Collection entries
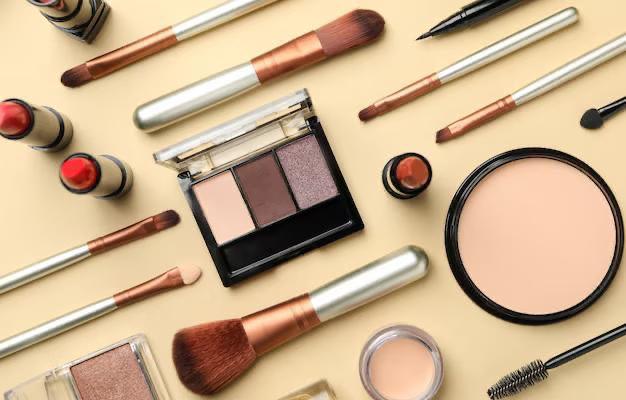 Cosmetics packer in Finland (Helsinki)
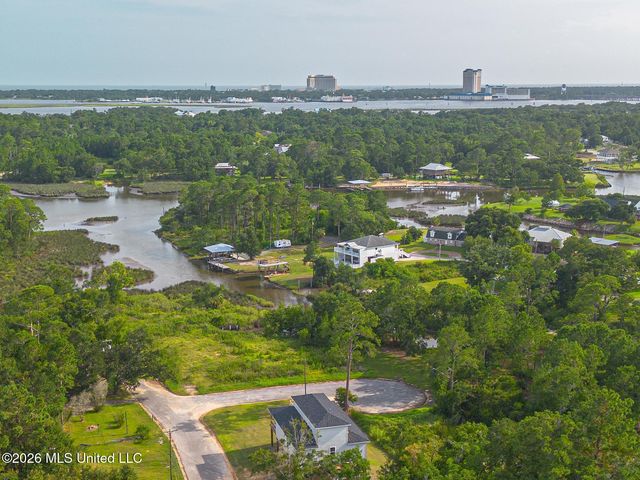 6601 April Bayou Drive, Biloxi, MS 39532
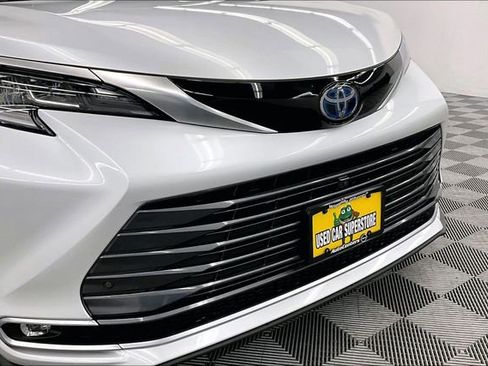 Used 2022 Toyota Sienna Limited image 31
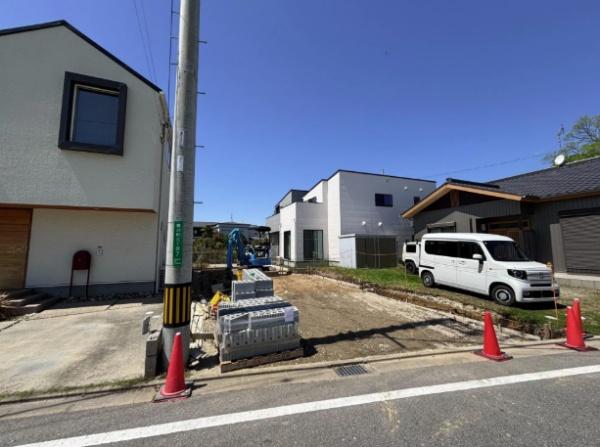 岡崎市蓑川町3丁目　新築戸建て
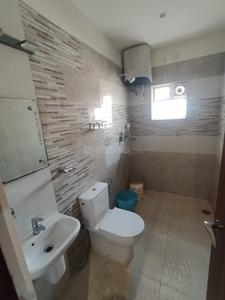 Bathroom Image of 1800 Sq.ft 3 BHK Apartment / Flat for rent in Banjara Springs, Banjara Hills Hyderabad for Rs. 60000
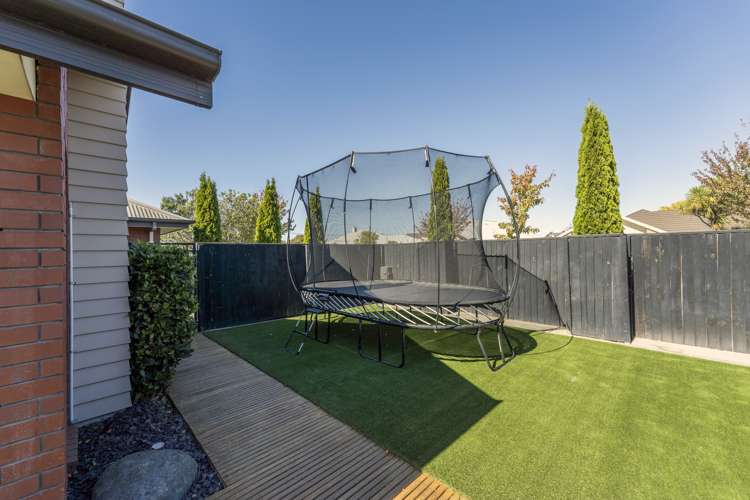 6 Kaniere Avenue Hei Hei_13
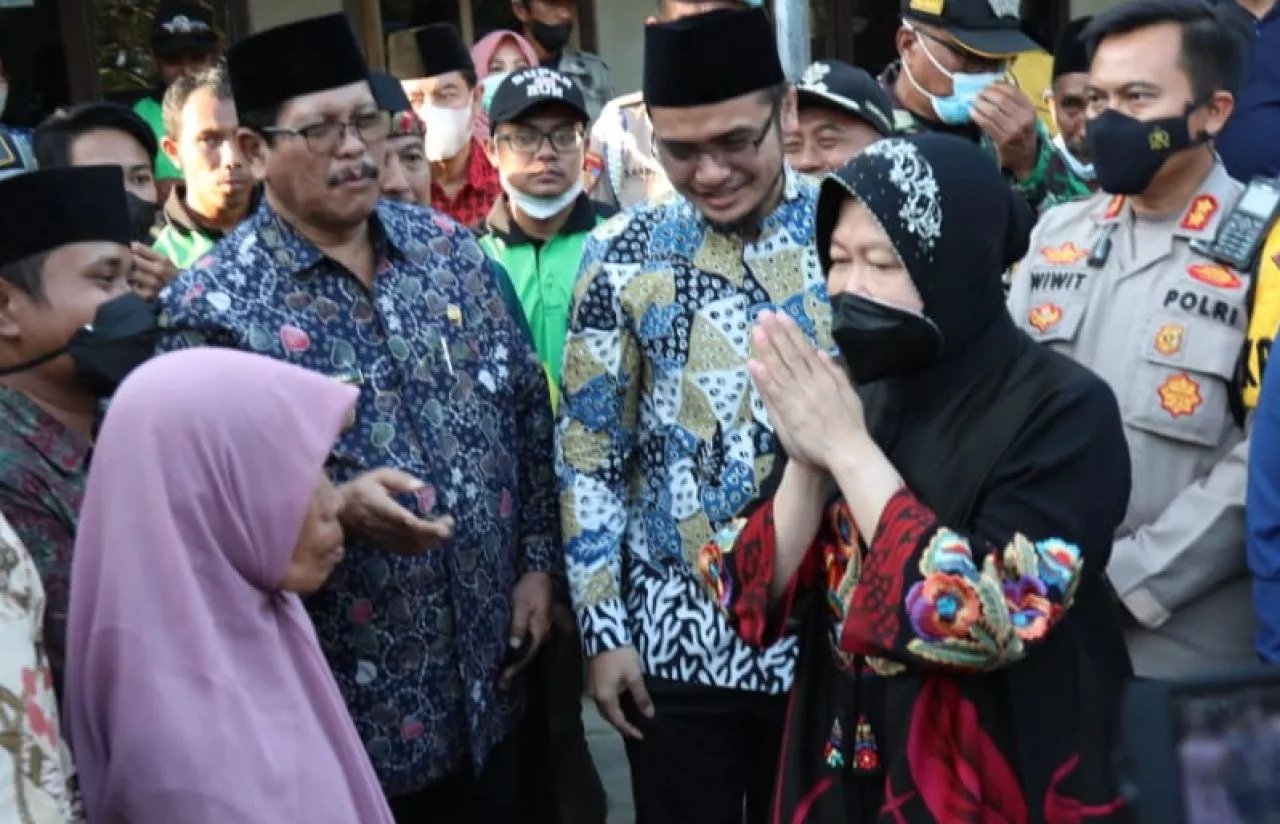 Blusukan di Madura, Mensos Risma Renovasi Rumah Lansia dengan 4 Anak Disabilitas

▶ [Exercise objective]
Transcribe the span of lines that runs from the line with "Used 2022 Toyota Sienna Limited image 31" to the end of the data, both ends included, exactly, with nothing else and no pictures.

▶ [Solution to the exercise]
 Used 2022 Toyota Sienna Limited image 31
 岡崎市蓑川町3丁目　新築戸建て
 Bathroom Image of 1800 Sq.ft 3 BHK Apartment / Flat for rent in Banjara Springs, Banjara Hills Hyderabad for Rs. 60000
 6 Kaniere Avenue Hei Hei_13
 Blusukan di Madura, Mensos Risma Renovasi Rumah Lansia dengan 4 Anak Disabilitas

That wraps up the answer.